La docilità degli asini e il loro aspetto giocondo, inducono a provare compassione per questo sterminio, ma è innegabile che per i Paesi africani, che rispondono alla domanda cinese, questo business rappresenta un vero e proprio boom economico che ha fatto quasi triplicare i prezzi della sua carne, anche perché il ciclo riproduttivo degli asini è molto lento con una gestazione che arriva ai 14 mesi. Ciò nonostante, solo in Kenya, gli asini abbattuti nell’anno appena concluso, sono arrivati a sfiorare i 150 mila capi. Un numero che continua ad aumentare. John Kariuki, titolare della “Brilliant Donkey Export” di Naivasha, esulta, “E’ tutto merito dei cinesi – dice – dobbiamo ringraziarli per la grande opportunità che hanno offerto alla nostra gente. Prima, nei mercati di bestiame, si vendevano solo mucche e capre ora tutti chiedono gli asini”.
Tuttavia, queste trionfali dichiarazioni, non riescono a nascondere una realtà che si fa di giorno in giorno più preoccupante. Gli asini in Africa sono molto usati in supporto alle attività agricole e ora, questo nuovo miraggio di facile guadagno, ha fatto si che ogni giorno, essi vengano rubati ai loro proprietari, a volte anche attraverso azioni criminali violente che provocano vittime. Inoltre, su pressione di vari organismi internazionali, alcuni Paesi africani, tra cui Tanzania, Botswana, Niger ed Etiopia; hanno dichiarato illegale la macellazione degli asini e l’Etiopia ha addirittura revocato la licenza, in un primo tempo concessa, a un’impresa cinese proprietaria di un mattatoio locale. “Si tratta di un’attività contraria alla cultura del nostro Paese”, è stata la motivazione riferita dalle autorità governative.

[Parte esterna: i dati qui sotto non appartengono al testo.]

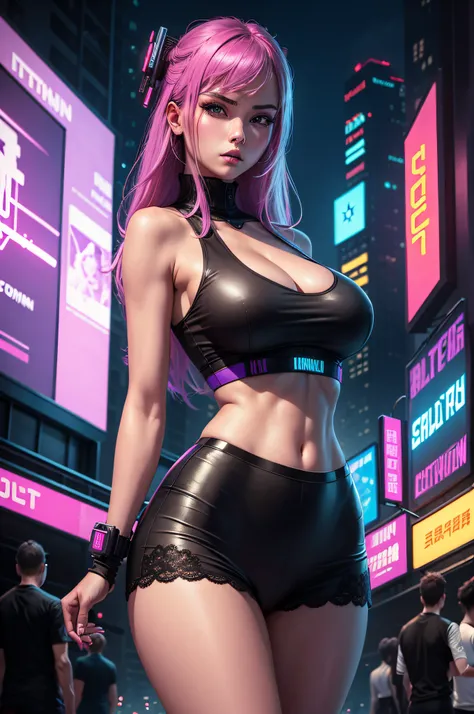 In cyberpunk cities，neonlight，advertising billboard，Beautuful Women，Bigchest，The body is slender，Wear a sports vest，lace panty。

Questi divieti, tuttavia, hanno dato vita ad grosso commercio illegale. Gli asini vengono rubati e portati nottetempo oltre confine, verso i Paesi più permissivi, come sta già avvenendo alla frontiera tra Kenya ed Etiopia. Infine, resta realisticamente da chiedersi fino a quanto durerà la disponibilità di capi in quei Paesi, come il Kenya, che continuano a esportare verso la Cina? Tre, quattro, forse cinque anni? E poi? L’intera economia dell’ex colonia britannica dovrà concentrarsi sull’allevamento degli asini, distraendo ogni risorsa da altre necessarie iniziative? Comunque, per tanto che la tecnologia cinese si affini, non sarà mai in grado di accelerare il ciclo riproduttivo di questi simpatici animali.